La sua prima bicicletta – una Olimpia Garibaldina, cromata - aveva dieci padroni. Chi le aveva dato il telaio, chi la forcella, chi i pedali e le ruote. Il più famoso dei proprietari era Sergio Alzani, che sarebbe diventato professionista, nella Gazzola, 1963 e 1964, senza vittorie: a quella bicicletta aveva regalato i tubolari. E su quella bicicletta Giacomino Denti, detto Mino, di Soncino (Cremona), aveva deciso che avrebbe fatto anche lui il corridore.
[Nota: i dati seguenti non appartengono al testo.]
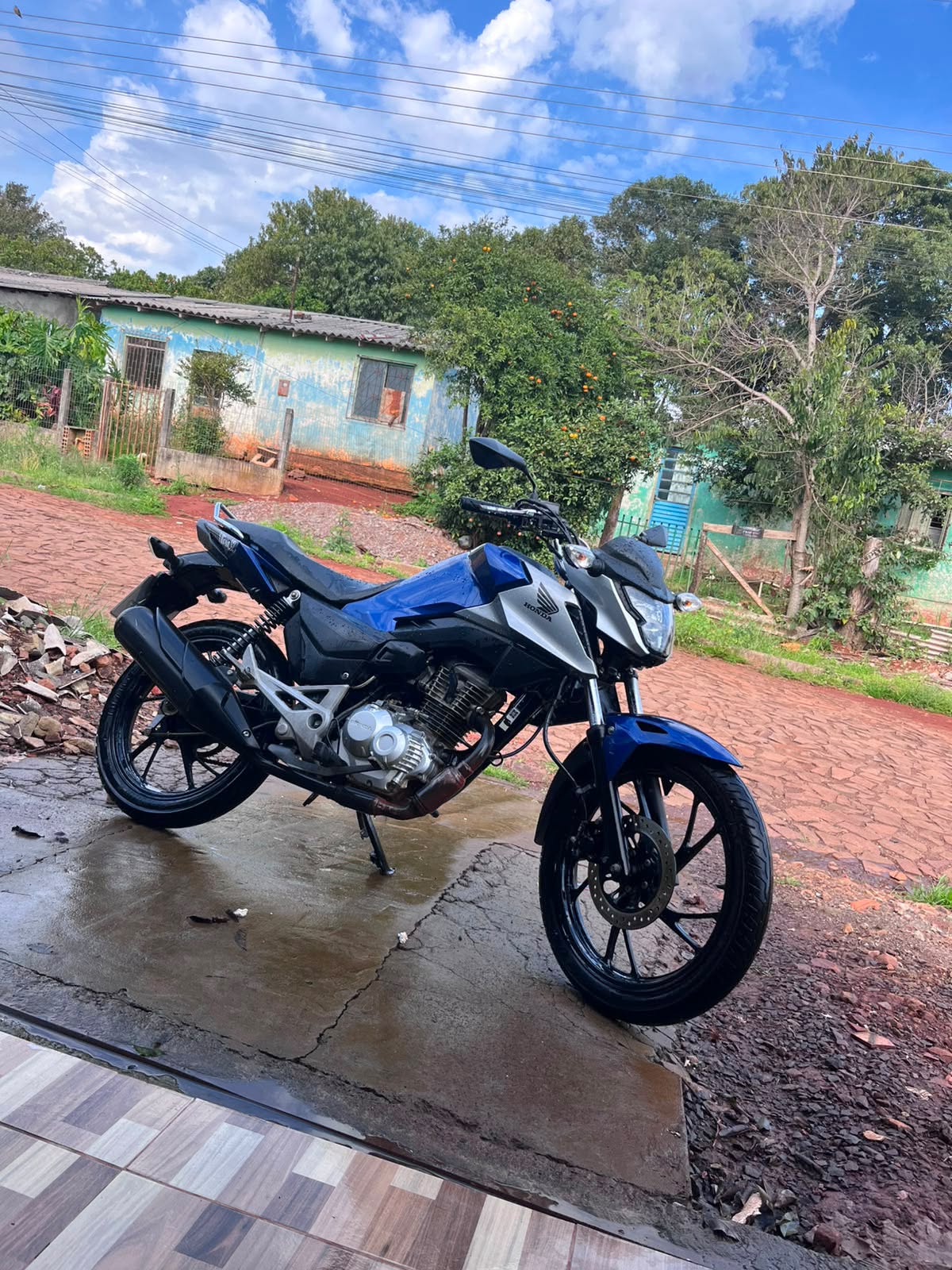 Moto é furtada durante a madrugada no centro de Campo Erê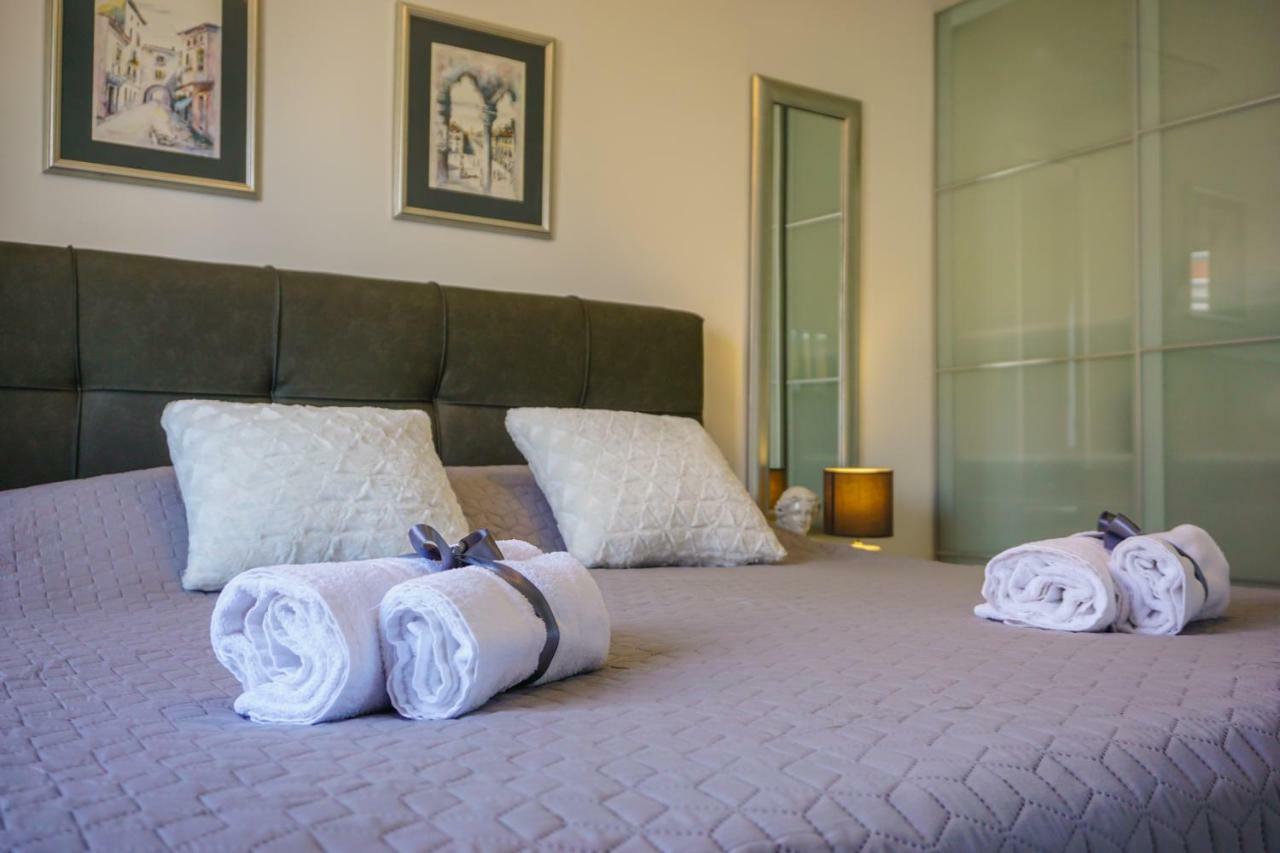 Apartment Paula With Private Jacuzzi And Parking- Near The Beach Задар Экстерьер фото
Finché, tesserato dalla C.C. Cremonese e ricevuta una bici personale dalla società, restituì quella in multiproprietà per permettere a un altro ragazzo di tentare la fortuna a due ruote.

La prima corsa a Cinisello Balsamo, “una cinquantina in volata, io terzo, senza paura, e il sospetto che mi sarebbero sempre mancate le prime tre o quattro pedalate di potenza”.

La prima vittoria a Persichello di Cremona, “sotto la pioggia, una fuga a cinque o sei, l’arrivo da solo, e la certezza che soltanto la solitudine mi avrebbe sempre garantito il primo posto”.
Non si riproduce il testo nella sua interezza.